Chapter 10 describes the conditions for using the independent samples t-test. You always first need to check these conditions before running the tests. For this assignment you hopefully conducted a correct test, and ended up with the following output (if not, reread section 10.1).
| Tests of Normality | |||||||
|---|---|---|---|---|---|---|---|
| Version participants saw | Kolmogorov-Smirnov a | Shapiro-Wilk | |||||
| Statistic | df | Sig. | Statistic | df | Sig. | ||
| IncidenteleInfo | Original version | .263 | 24 | .000 | .850 | 24 | .002 |
| Random version | .229 | 27 | .001 | .905 | 27 | .017 | |
| CentraleInfo | Original version | .452 | 24 | .000 | .580 | 24 | .000 |
| Random version | .255 | 27 | .000 | .776 | 27 | .000 | |
Lilliefors Significance Correction.
What do these results tell you?
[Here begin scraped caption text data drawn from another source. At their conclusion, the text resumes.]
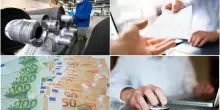 Manovra 2027, bonus e misure per imprese, lavoratori e Partite Iva
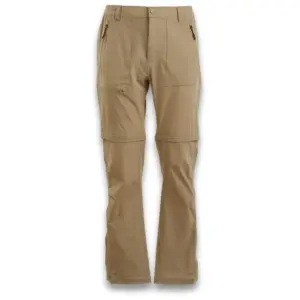 Ande New Palma Converteerbare Broek Dove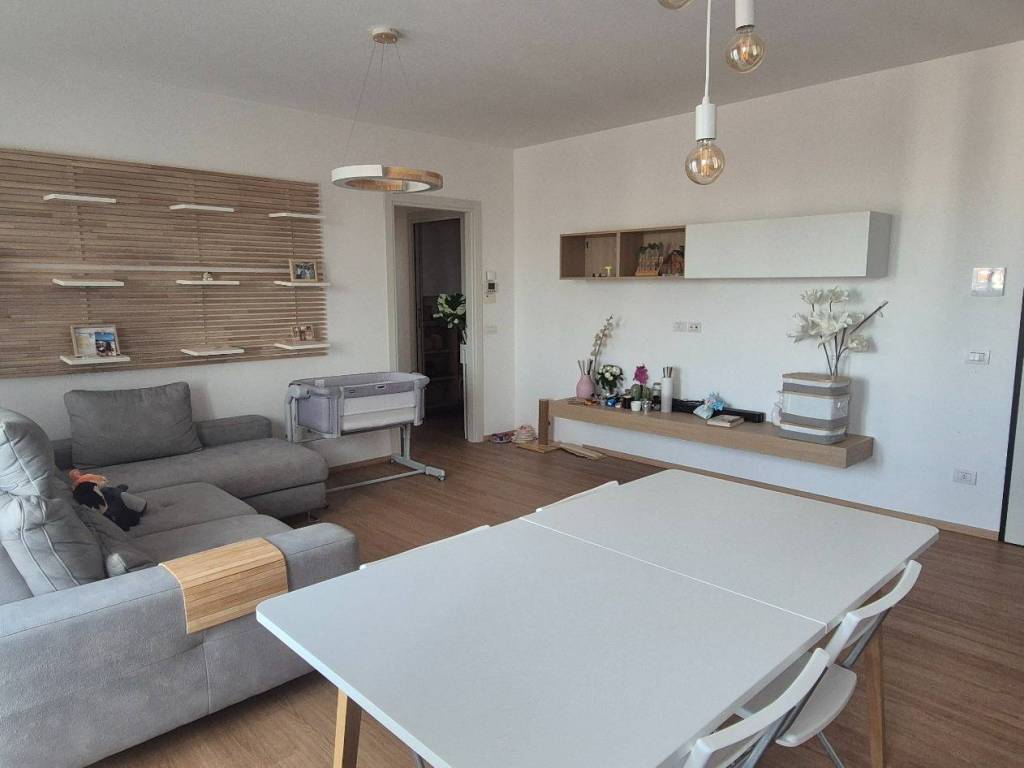 Appartamento a Verona in Via Ulderico Marotto, 4 - Foto 4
What you can conclude from these numbers is that in both groups the distribution of both incidental information recall and central information recall is not normally distributed. This means that you are not allowed to use the t-test, but have to use a nonparametric equivalent! But, which test? Take a look at the chart in Figure 10.9 and you will know that it is Mann-Whitney’s test that is appropriate here.
Running this test will result in the following output:
| Ranks | ||||
|---|---|---|---|---|
| Version participants saw | N | Mean Rank | Sum of Ranks | |
| IncidenteleInfo | Original version | 25 | 26.82 | 670.50 |
| Random version | 27 | 26.20 | 707.50 | |
| Total | 52 | |||
| CentraleInfo | Original version | 24 | 30.50 | 732.00 |
| Random version | 27 | 22.00 | 594.00 | |
| Total | 51 | |||
| Test Statistics a | ||
|---|---|---|
| IncidenteleInfo | CentraleInfo | |
| Mann-Whitney U | 329.500 | 216.000 |
| Wilcoxon W | 707.500 | 594.000 |
| Z | −.151 | −2.321 |
| Asymp. Sig. (2-tailed) | .880 | .020 |
Grouping Variable: Version participants saw.
For the interpretation you focus on the results in the bottom row. For incident you there was no significant effect, but for central there was (p < .020). This means that you can conclude the difference between the group scores on recall of central information was indeed significant, when conducting the correct (nonparametric) test, i.e. the Mann-Whitney test.